The media’s focus has so far been on the broad outlines for an international rescue reached at the G-20 summit, but Slate’s Fred Kaplan argues that Obama really proved his mettle not in the conference hall but in his one-on-one side meetings with international leaders. Witness the unusually substantive 19-paragraph joint statement Obama and Russian President Dmitry Medvedev issued after their meeting. Kaplan writes Obama’s success signals that “the United States seems to be returning to diplomatic basics—a development that in the wake of the last eight years is practically revolutionary.”
THE BAD The Daily Beast: The Day Obama Fell to Earth And if you thought the G-20 was lame, just wait for NATO.
President Obama may be lighting up the world stage, but The Daily Beast’s Andrew Neil notes that “the president did not get what, for him, was the original purpose of this G-20 summit: a coordinated global fiscal stimulus.” Neil goes on to offer this prediction: “For the president, his first foray into international summitry has brought him down to earth with a bump. He will hit the ground again today at the NATO meeting in Strasbourg, France, where the rhetoric of solidarity will be strong but the president will fail to get any major commitments of new troop deployments to back his planned ‘surge’ in Afghanistan.”
The Times (UK): Actually, Those G-20 Protesters Do Have a Point Tea with the Queen? Try a Molotov cocktail.
Times columnist Camilla Cavendish explores the complicated universe of G-20 protests, starting with a flashback to Seattle ’99. She finds herself surprisingly sympathetic to the protesters’ complaints. “In the jumble of rage outside, there are valid concerns that need to be addressed,” among them a need to interrogate the negative effects of globalization, free trade, and growth. In a world where the biggest villains are Wall Street CEOs, Cavendish writes, “The protesters’ main achievement this week is to have shifted loathing from bankers to themselves.” Her complaint boils down a concern not unfamiliar to those who lament the “dumbing down” of culture and democracy at large: “It is a shame that they could not articulate their concerns with something more than senseless slogans.”
THE UGLY Der Spiegel: The West’s Fatal Overdose Debt-spiral of death.

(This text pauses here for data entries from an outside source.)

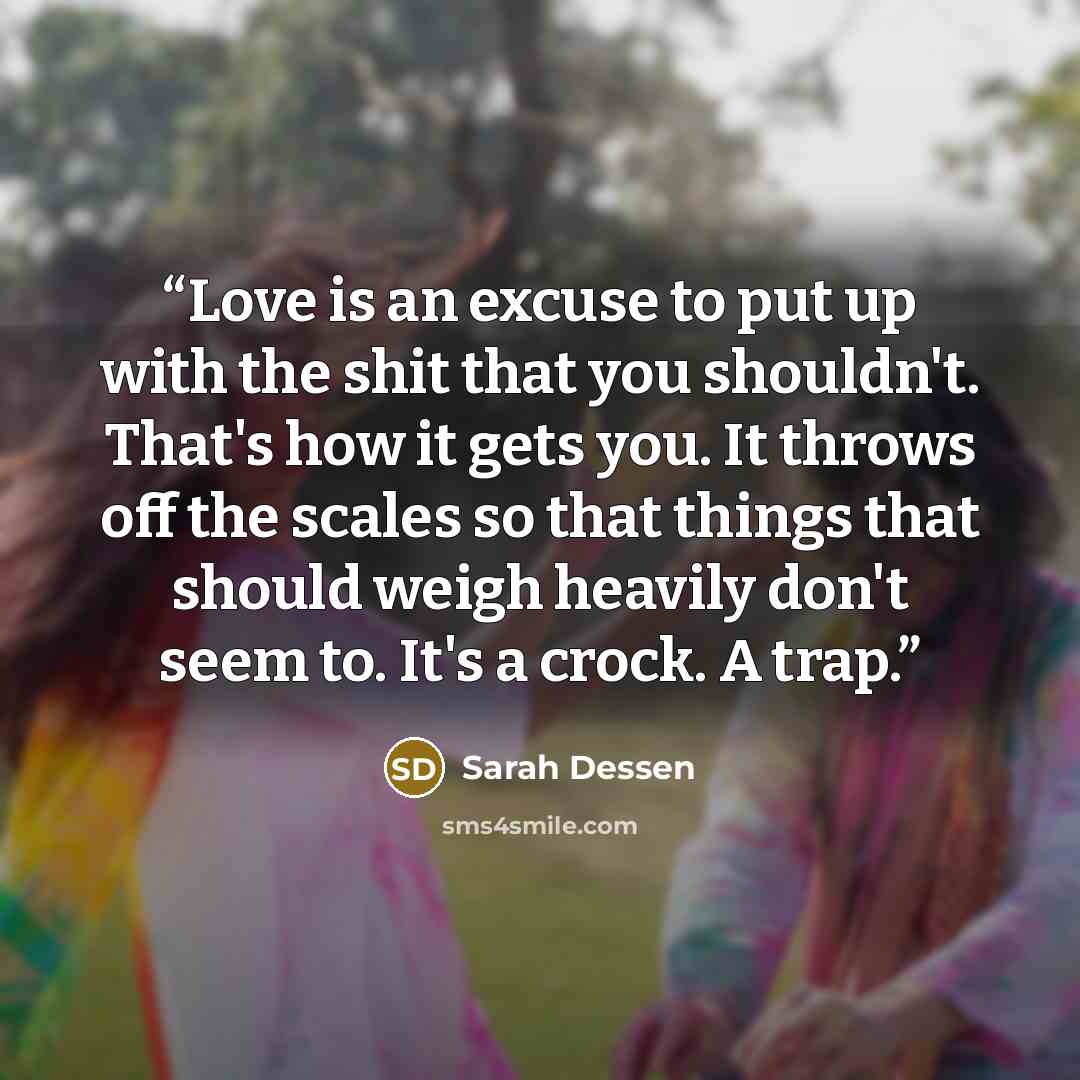 “Love is an excuse to put up with the shit that you shouldn't. That's how it gets you. It throws off the scales so that things that should weigh heavily don't seem to. It's a crock. A trap.” quote by Sarah Dessen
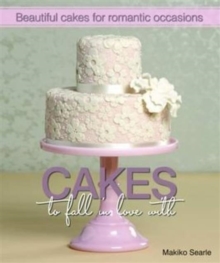 Cakes to Fall in Love With : Beautiful Cakes for Romantic Occasions, Hardback Cakes to Fall in Love With : Beautiful Cakes for Romantic Occasions, Hardback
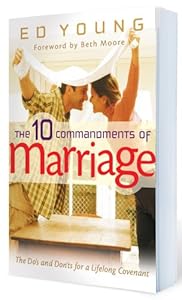The 10 Commandments of Marriage: The Do's and Don'ts for a Lifelong Covenant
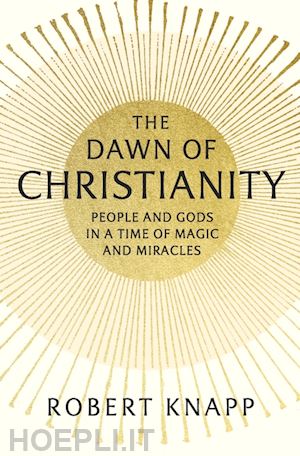 knapp robert - the dawn of christianity – people and gods in a time of magic and miracles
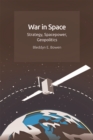 War in Space : Strategy, Spacepower, Geopolitics - Book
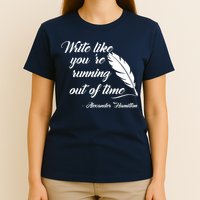 Write Like You're Running Out Of Time - Alexander Hamilton Quote T-Shirt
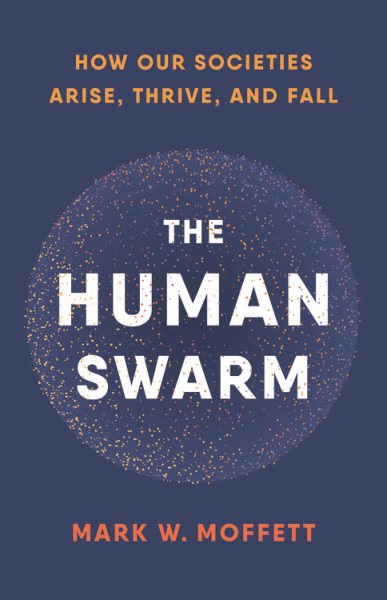 The Human Swarm | 拾書所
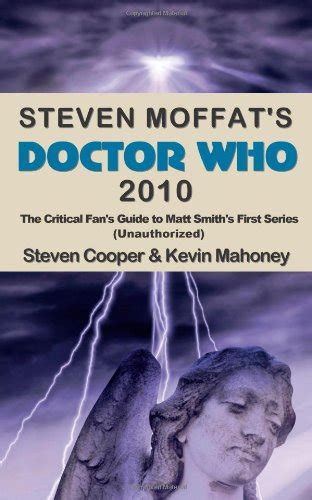 steven moffats doctor who 2010 the critical fans guide to matt smiths first series unauthorized Reader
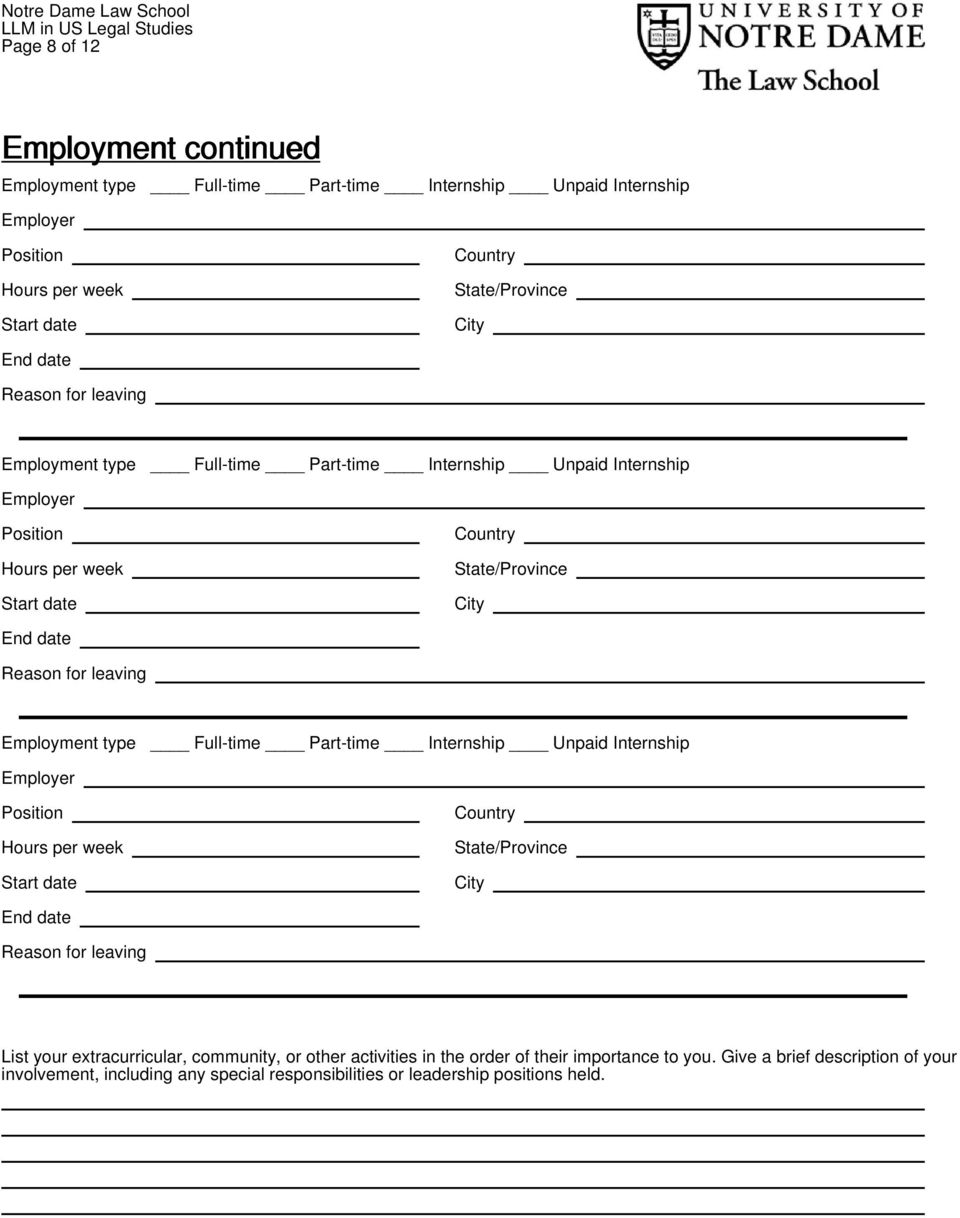 Full-time Part-time Internship Unpaid Internship Employer Position Hours per week Reason for leaving List your extracurricular, community, or other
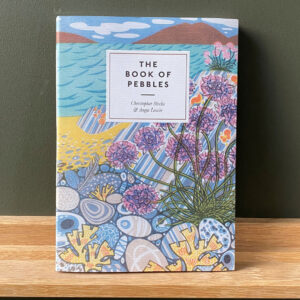 The Book of Pebbles by Christopher Stocks and Angie Lewin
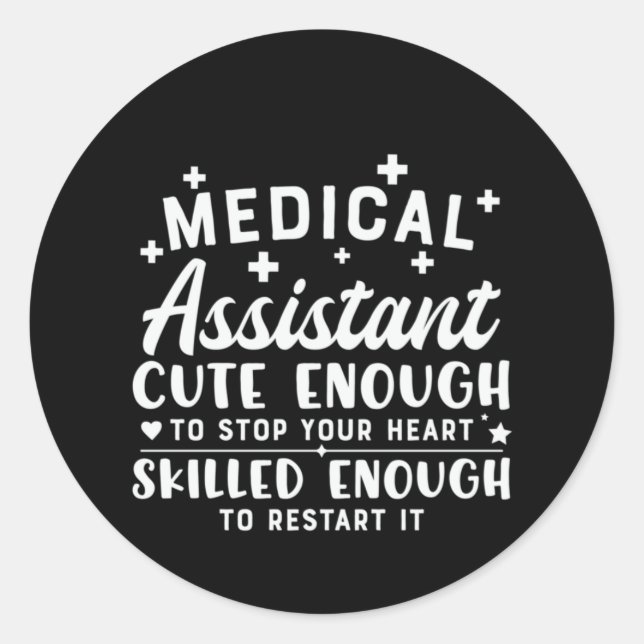 Nurse Gift Medical Assistant Cute Enough Classic Round Sticker (Front)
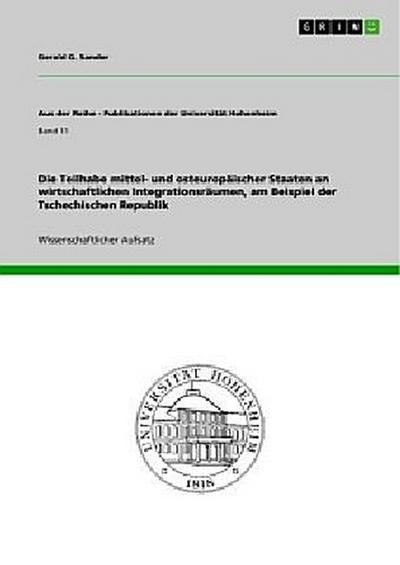 Die Teilhabe mittel- und osteuropäischer Staaten an wirtschaftlichen Integrationsräumen, am Beispiel der Tschechischen Republik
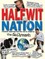 Halfwit Nation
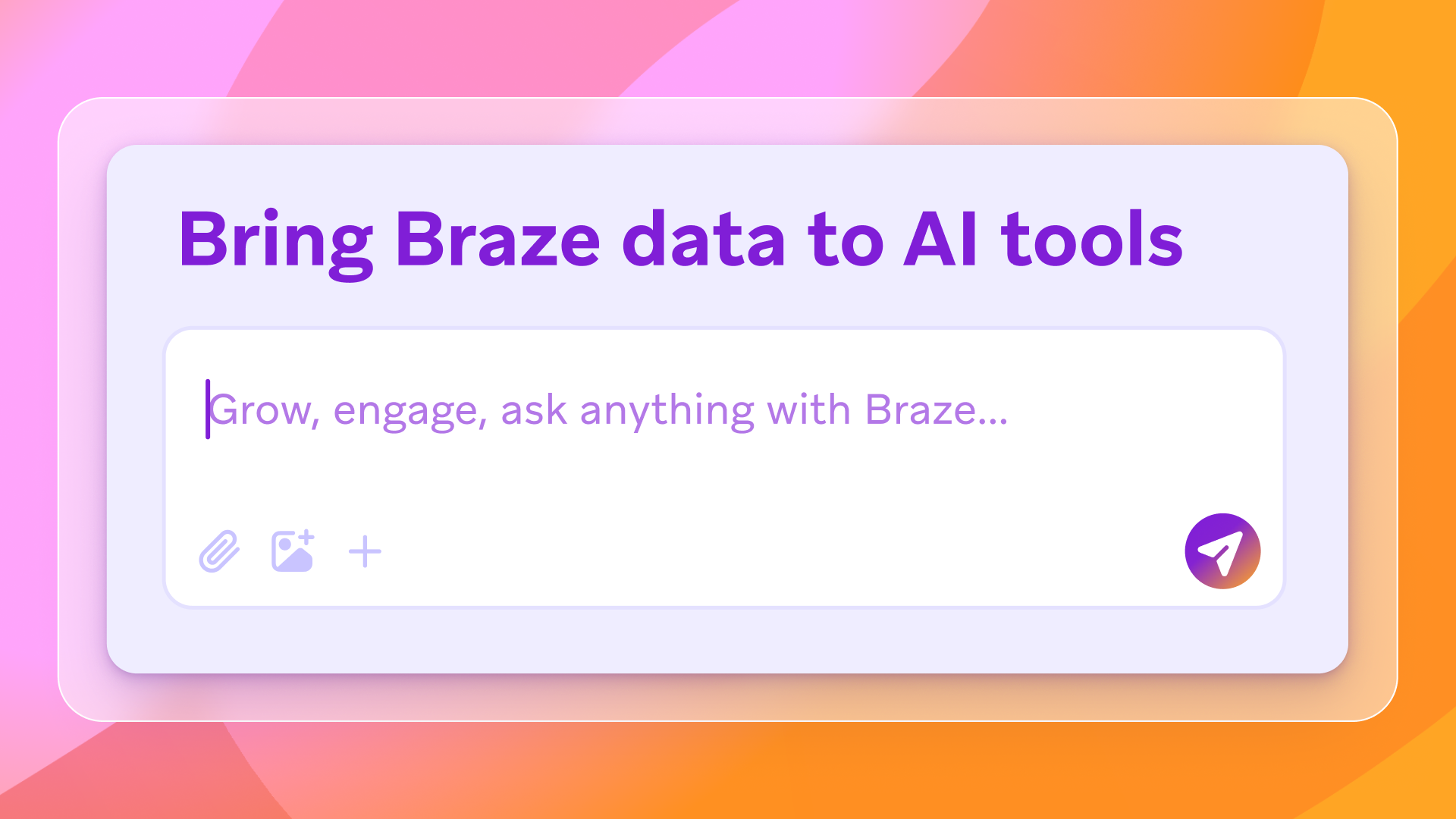 a purple box that says bring braze data to al tools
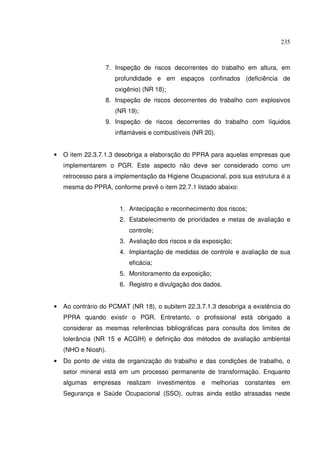 235



                  7. Inspeção de riscos decorrentes do trabalho em altura, em
                     profundidade e em espaços confinados (deficiência de
                     oxigênio) (NR 18);
                  8. Inspeção de riscos decorrentes do trabalho com explosivos
                     (NR 19);
                  9. Inspeção de riscos decorrentes do trabalho com líquidos
                     inflamáveis e combustíveis (NR 20).


•   O item 22.3.7.1.3 desobriga a elaboração do PPRA para aquelas empresas que
    implementarem o PGR. Este aspecto não deve ser considerado como um
    retrocesso para a implementação da Higiene Ocupacional, pois sua estrutura é a
    mesma do PPRA, conforme prevê o item 22.7.1 listado abaixo:


                       1. Antecipação e reconhecimento dos riscos;
                       2. Estabelecimento de prioridades e metas de avaliação e
                          controle;
                       3. Avaliação dos riscos e da exposição;
                       4. Implantação de medidas de controle e avaliação de sua
                          eficácia;
                       5. Monitoramento da exposição;
                       6. Registro e divulgação dos dados.


•   Ao contrário do PCMAT (NR 18), o subitem 22.3.7.1.3 desobriga a existência do
    PPRA quando existir o PGR. Entretanto, o profissional está obrigado a
    considerar as mesmas referências bibliográficas para consulta dos limites de
    tolerância (NR 15 e ACGIH) e definição dos métodos de avaliação ambiental
    (NHO e Niosh).
•   Do ponto de vista de organização do trabalho e das condições de trabalho, o
    setor mineral está em um processo permanente de transformação. Enquanto
    algumas   empresas realizam investimentos      e    melhorias constantes   em
    Segurança e Saúde Ocupacional (SSO), outras ainda estão atrasadas neste
 
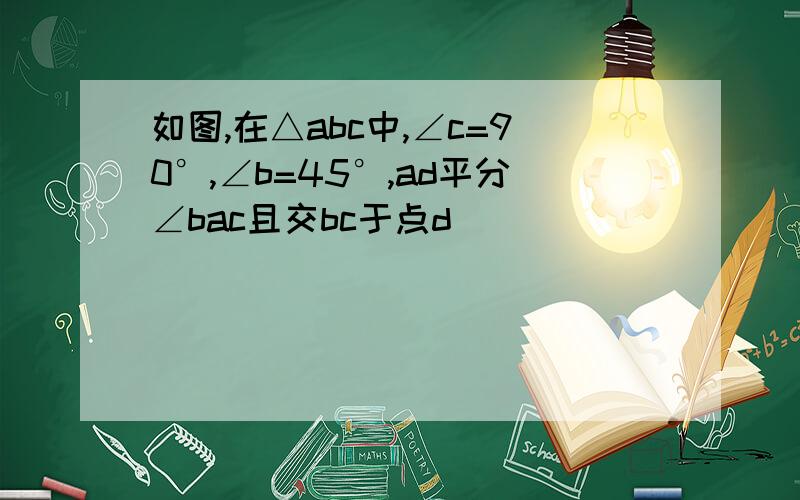 如图,在△abc中,∠c=90°,∠b=45°,ad平分∠bac且交bc于点d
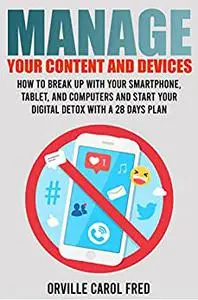 Manage Your Content and Devices: How To Break Up With Your Smartphone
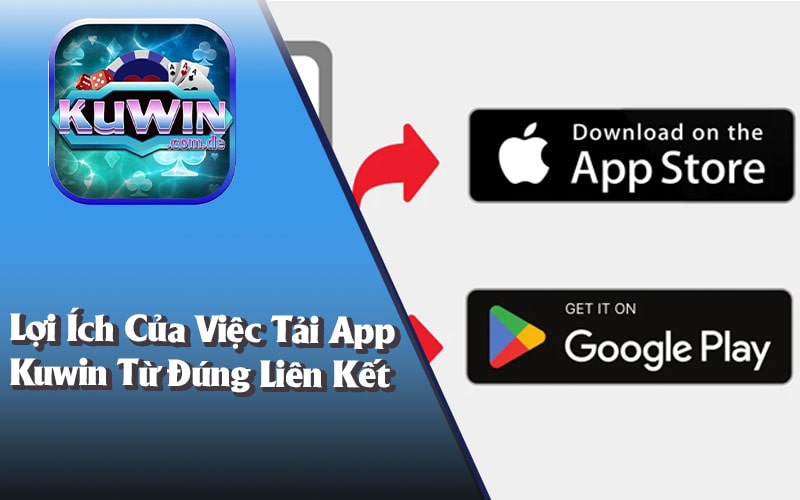 Lợi Ích Của Việc Tải App Kuwin Từ Đúng Liên Kết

Most commentators consider Germany among the G-20’s biggest winners, so it’s a bit surprising that Der Spiegel is playing party pooper. Nevertheless, the German paper lambastes the conference, saying “the summit participants took the easy way out.” Writer Gabor Steingart lays the blame at the feet of former President Bush and notes distressingly that by allowing the IMF and World Bank to borrow more money, Obama and other leader seem only to be extending the fiscal policies that led to the current mess. “In combating this crisis, the international community is in fact laying the foundation for the next crisis, which will be larger. It would probably have been more honest if the summit participants had written 'debt, unemployment, inflation' on the wall.”
World leaders may pretend otherwise, but Peter Osborne writes for The Daily Mail that the G-20’s achievements are “unlikely to register as more than a blip on the radar of the map which is leading us, hopefully, out of economic recession.” President Obama and Gordon Brown failed in their push for a global stimulus. “Rather than admit defeat, however, they pretended they had won. So they invented the $5 trillion figure. They arrived at the number by adding up the extra government borrowing expected to take place in G-20 economies between 2008 (when the recession began) and 2010 (when world leaders hope it will end). It is a completely arbitrary figure.” Osborne continues, “I also suspect that President Obama will also come to bitterly regret his involvement in this cynical event whose main function has been to pull the wool over the eyes of the public. Indeed, it is interesting to speculate how much Obama, who displayed his inexperience this week, was duped by Gordon Brown.”